The tray of drippings is filled with fresh herbs, lemon halves, and heads of garlic to infuse the juices with aromatics before it's basted back onto the meat.

That little tray of rendered fat is something Greg and Gabi call "black gold." "You'll never get a steak anywhere else that tastes like Ox," says Greg, "because on our grill, we've got the steaks, yes, but also the chorizo, and the morcilla (blood sausage), and any other meats we're grilling, and all those juices mingle together with the aromatics. It's our own unique umami bomb." They'll even take the fats and juices from the end of the night, strain out the aromatics, and reuse it to start the next day's batch, building the depth of flavor onto itself in perpetuity.

But what about the rest of us? Those of us for whom the closest we can get to a parrilla on a daily basis is a well-seasoned grill pan on the stove? "You can definitely make a version of black gold at home with any kind of fat, even olive oil or butter," says Gabi, but she's got a hack for sneaking that smoky flavor into it too: "Bacon. Render some bacon fat and infuse it with some aromatics before you start. You can sear indoors on a grill pan in the middle of winter, and as long as you sop a little of that on your steak, it'll taste like it came off a wood fire grill." And for the supremely dedicated, Grillworks sells a smaller (but still quite large) home version of their parilla-style grill complete with wheel-adjusted suspended grates to fully customize your cooking. So there is hope for us after all.

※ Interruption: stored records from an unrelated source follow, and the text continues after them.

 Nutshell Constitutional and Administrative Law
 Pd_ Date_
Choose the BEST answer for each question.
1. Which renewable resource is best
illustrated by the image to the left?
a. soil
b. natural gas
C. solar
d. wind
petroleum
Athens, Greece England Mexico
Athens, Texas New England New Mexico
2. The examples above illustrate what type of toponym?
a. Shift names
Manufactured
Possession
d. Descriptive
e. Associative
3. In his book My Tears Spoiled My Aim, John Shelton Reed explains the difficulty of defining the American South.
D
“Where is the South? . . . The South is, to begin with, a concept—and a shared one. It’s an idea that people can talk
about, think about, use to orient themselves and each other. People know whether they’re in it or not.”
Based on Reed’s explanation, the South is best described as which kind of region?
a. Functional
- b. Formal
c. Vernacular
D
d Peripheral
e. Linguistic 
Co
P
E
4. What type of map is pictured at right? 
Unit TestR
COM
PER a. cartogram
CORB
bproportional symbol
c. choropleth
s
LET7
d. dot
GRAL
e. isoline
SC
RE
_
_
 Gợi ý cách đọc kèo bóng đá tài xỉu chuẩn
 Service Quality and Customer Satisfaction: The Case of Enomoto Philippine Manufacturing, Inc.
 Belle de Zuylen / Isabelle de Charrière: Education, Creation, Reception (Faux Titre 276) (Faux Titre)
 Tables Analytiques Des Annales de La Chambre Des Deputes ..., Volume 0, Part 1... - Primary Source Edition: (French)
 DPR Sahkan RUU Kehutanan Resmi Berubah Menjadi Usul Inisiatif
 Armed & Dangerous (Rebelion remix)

See more scenes from our supper below.

SAVEUR test kitchen director Stacy Adimando co-wrote Around the Fire with Ox chefs Greg Denton and Gabrielle Quiñónez Denton.
"The Oxblood" is one of Ox's signature cocktails, featuring bourbon and blood-red beet juice with a sprig of tarragon as garnish.
The meal kicks off with appetizers from Greg and Gabi's other restaurant, Superbite, like this beef tongue with sweetbread croutons.
From left, All'Onda chef Chris Jaeckle, Speedy Romeo chef Justin Bazdarich, SAVEUR Editor-in-Chief Adam Sachs, and Chopped's Ted Allen enjoy a drink before dinner.
Dungeness crab tacos are passed around the table, with a "tortilla" made from thinly sliced celery root, gently charred on the woodfire grill.
Aldea chef George Mendes and his guest chat with their friend, Ox chef Greg Denton.
Chopped's Ted Allen and Knife Fight's Ilan Hall pose for a selfie during dinner prep.
Here, Gabi and Greg combine duck liver mousse with soft scrambled eggs and American sturgeon caviar for an impeccable small bite.
Lucky Peach editor-in-chief Peter Meehan, his wife Hannah Clark, and writer David Tanis enjoy a glass of wine with their friends in SAVEUR editor-in-chief Adam Sachs' home kitchen.
Charred red cabbage leaves are tossed with vibrant persimmons and a silky chestnut cream for part of the family-style main course.
From left: Grillworks owner Ben Eisendrath, Knife Fight's Ilan Hall, Ox chefs Greg Denton and Gabrielle Quiñónez Denton, Aldea chef George Mendes, and Gramercy Tavern chef Mike Anthony have a laugh by the woodfire grill.
The first course had us dreaming of smoky marrow bones all night; a rich clam chowder studded with whole clams and jalepeños, topped off with a giant smoked beef bone.
Gramercy Tavern chef Mike Anthony, photographer Evan Sung (who photographed "Around the Fire"), and his wife Jeanna.
The family-style meal commences, and everyone does their best to snag a corner of the countertop to start chowing down, featuring plates from Williams Sonoma.
A Napa Valley cabernet sauvignon from Banshee wines rounds out the grilled feast.
At the end of the meal, tres leches cakes topped with dulce de leche, grilles apples, and a green apple meringue hits the table. The forks are flying.